The implemented splitter should be registered as follows to be recognized by `DataModule.set_data_splitter` automatically.

In [3]:
from tabensemb.data.datasplitter import splitter_mapping
splitter_mapping["TargetSplitter"] = TargetSplitter

In [4]:
from tabensemb.trainer import Trainer
import tabensemb

prefix = "../../../../"
tabensemb.setting["default_output_path"] = prefix + "output"
tabensemb.setting["default_config_path"] = prefix + "configs"
tabensemb.setting["default_data_path"] = prefix + "data"

trainer = Trainer(device="cpu")

trainer.load_config("sample")
trainer.datamodule.set_data_splitter("TargetSplitter")
trainer.load_data()

The project will be saved to ../../../../output/sample/2023-09-12-11-20-44-0_sample
Dataset size: 153 51 52
Data saved to ../../../../output/sample/2023-09-12-11-20-44-0_sample (data.csv and tabular_data.csv).

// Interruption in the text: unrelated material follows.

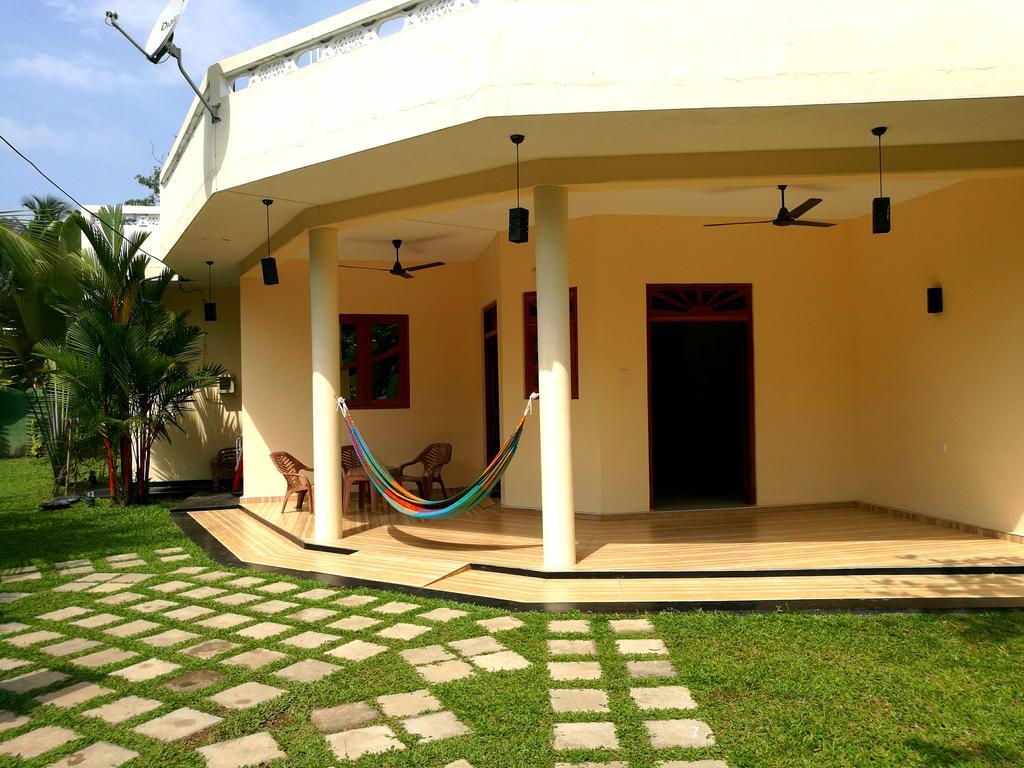Guesthouse Dilush ベールワラ エクステリア 写真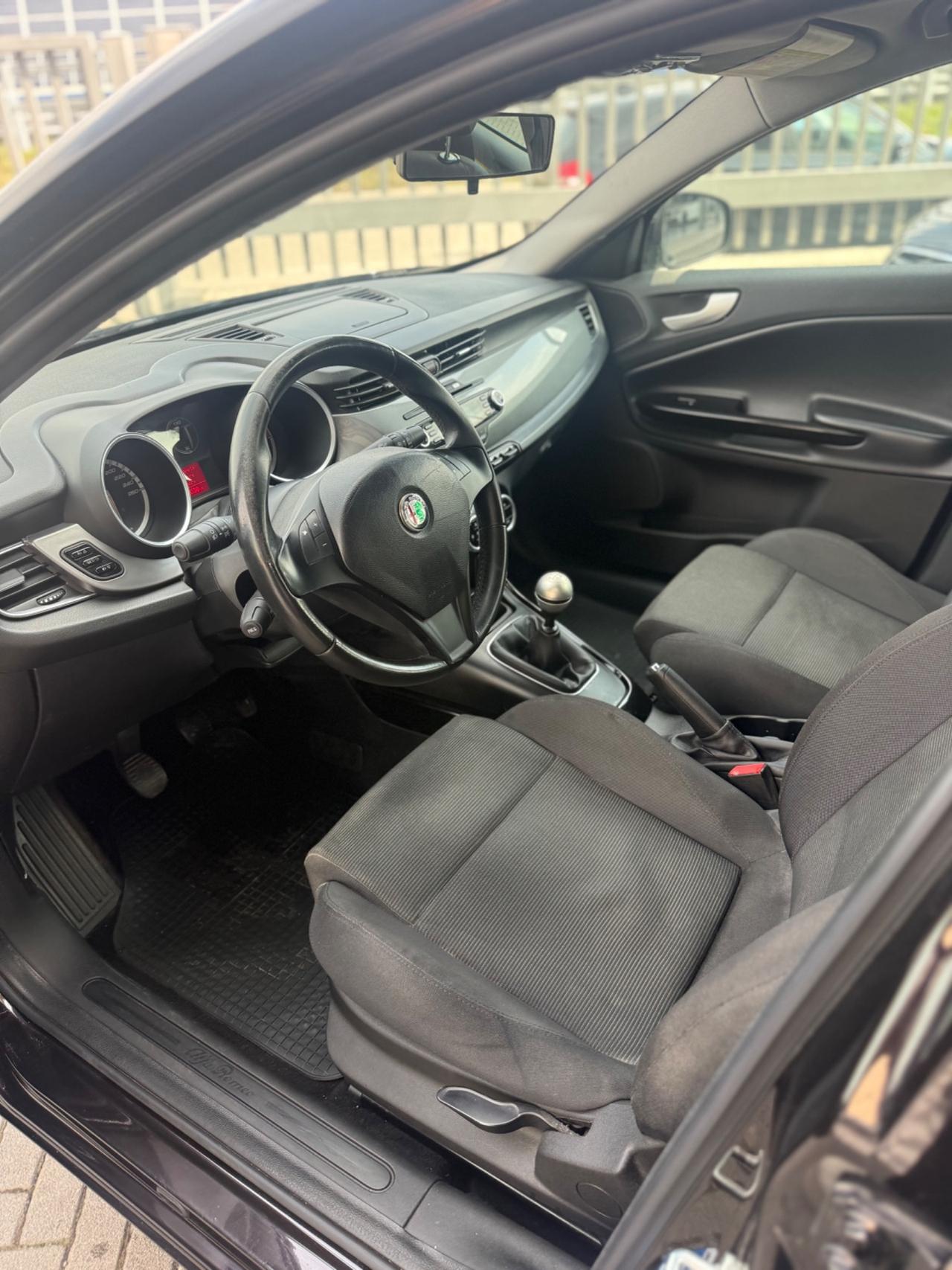 Alfa Romeo Giulietta 1.6 JTDm-2 105 CV Exclusive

As expected, we can see the target values are much higher in the testing set than those in the training set or the validation set.

In [5]:
trainer.df.loc[trainer.train_indices, trainer.label_name[0]].mean(), trainer.df.loc[trainer.val_indices, trainer.label_name[0]].mean(), trainer.df.loc[trainer.test_indices, trainer.label_name[0]].mean()

(-71.48163032821536, -77.62461093871299, 236.44992911967717)

4-fold cross-validation is performed for the training and validation sets

In [6]:
first_fold_train, first_fold_val, first_fold_test = trainer.datamodule.datasplitter.split(trainer.df, trainer.cont_feature_names, trainer.cat_feature_names, trainer.label_name, cv=5)
second_fold_train, second_fold_val, second_fold_test = trainer.datamodule.datasplitter.split(trainer.df, trainer.cont_feature_names, trainer.cat_feature_names, trainer.label_name, cv=5)
len(first_fold_train), len(first_fold_val), len(first_fold_test), len(second_fold_train), len(second_fold_val), len(second_fold_test)

(163, 41, 52, 163, 41, 52)

The testing set stays unchanged across different folds.

In [7]:
all([x == y for x, y in zip(np.sort(first_fold_test), np.sort(second_fold_test))])

True

According to the definition of k-fold, an entirely different part of the samples is selected as the validation set in different folds.

In [8]:
all([x in first_fold_train for x in second_fold_val]), all([x in second_fold_train for x in first_fold_val])

(True, True)